Fiery fuel truck crash kills 2, snarls LA-area freeway
HAWTHORNE, Calif. (AP) — A fuel tanker truck crashed and burned early Friday on a freeway near Los Angeles International Airport, killing two people and causing a massive traffic jam that forced travelers to abandon their vehicles and walk off the freeway with their luggage, authorities said.
The California Highway Patrol received reports of the crash involving the double-tanker truck and an SUV followed by a fireball on the westbound side of Interstate 105 in suburban Hawthorne shortly after 5 a.m. Both vehicles’ drivers were killed.
Authorities initially worried they might find more bodies in the twisted and burned wreckage, but none were found.
The pre-dawn crash turned the morning commute into chaos on the south side of the Los Angeles metropolitan area. Both sides of the freeway and a Metro light rail commuter line that runs down the middle of the highway were shut down as authorities let the fire burn itself out.
Some motorists got out of their cars and others tried to drive off the freeway by using on-ramps as exits.

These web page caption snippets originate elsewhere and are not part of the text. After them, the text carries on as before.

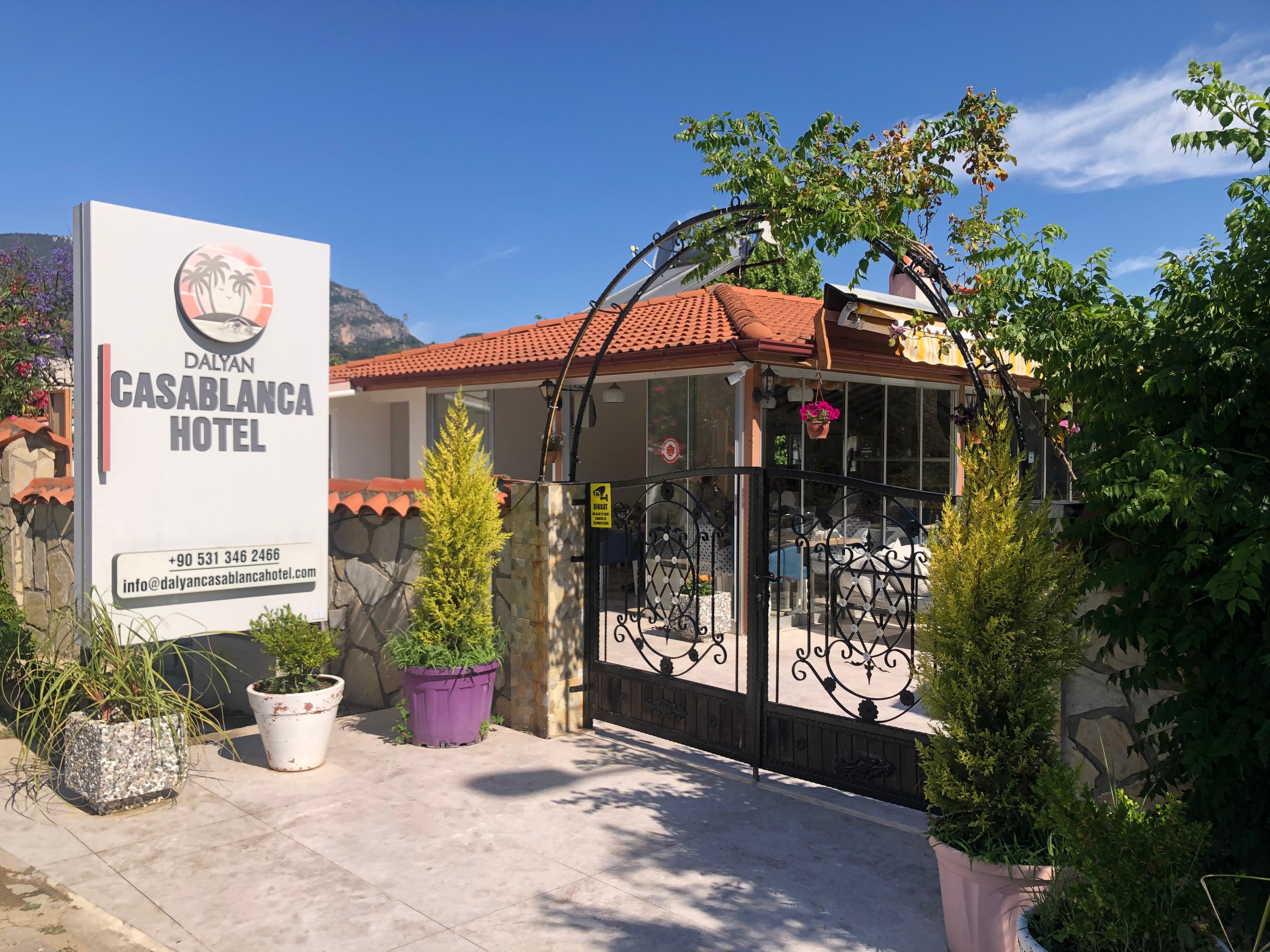 The entrance to hotel 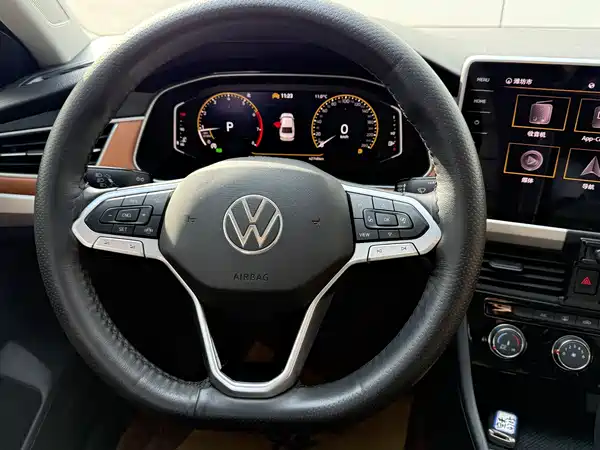 Volkswagen Bora 2023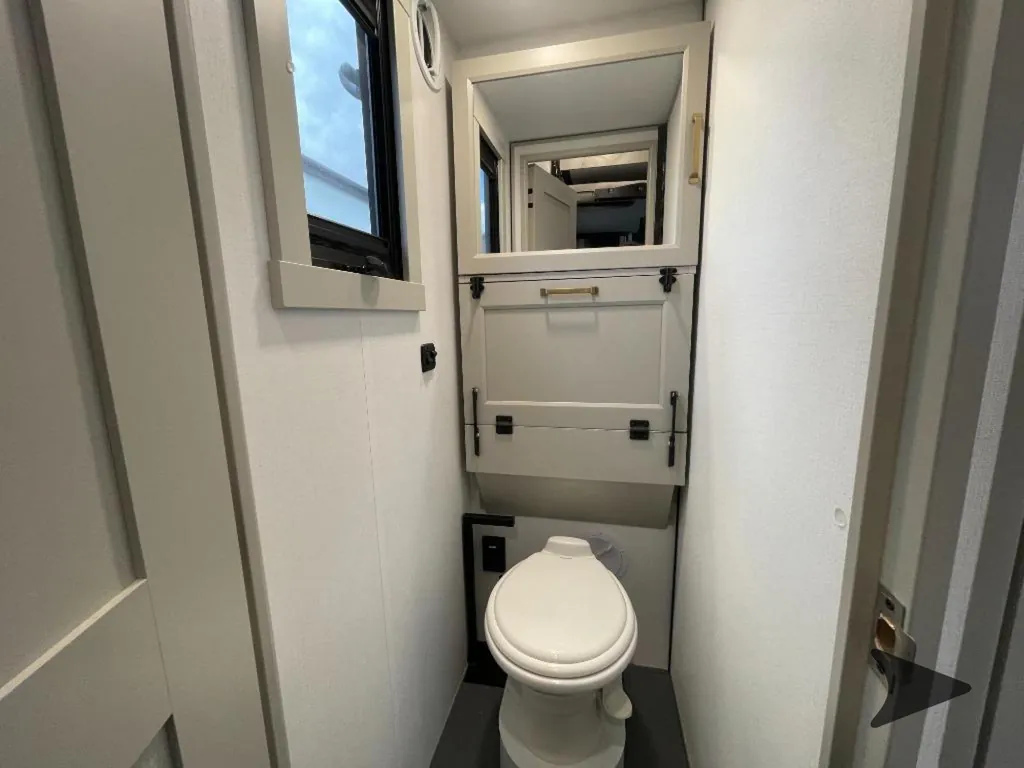 2026 Brinkley Model G 3950, Photos photo 54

Shortly after 6 a.m., the California Highway Patrol’s online incident log reported that people were abandoning vehicles, taking luggage and jumping over fences alongside the freeway. It is a major southern approach to the airport.
An unidentified traveler showed KTTV where she climbed a steep embankment and over a tall fence to get off the freeway. KTTV reported she missed her flight but was assured she would be rebooked.
Undamaged eastbound lanes reopened after nearly three hours, while emergency work continued on the westbound side for more than 12 hours.
The westbound lanes finally reopened shortly before 8 p.m. The commuter rail line remained closed.
Before the westbound side was reopened, engineers were summoned to determine whether lane markers could simply be restored or whether pavement was so badly damaged it would need to be dug out.
Damage assessment was also conducted on the Los Angeles County Metropolitan Transportation Authority’s adjacent Green Line tracks and the overhead electrical system.
Meanwhile, buses were sent to ferry rail passengers around the crash area.
Fuel had to be carefully removed from a trailer tank that overturned but did not burn. County Fire Department Inspector Joey Marron said vent holes had to be drilled in the tank’s three compartments so that the fuel could be pumped out.
As some people remained trapped in their cars for hours, a taco truck that had also been caught up in the traffic jam opened for business and began serving food to commuters.
Interstate 105 runs east-west across southern Los Angeles County, intersecting with four other major freeways.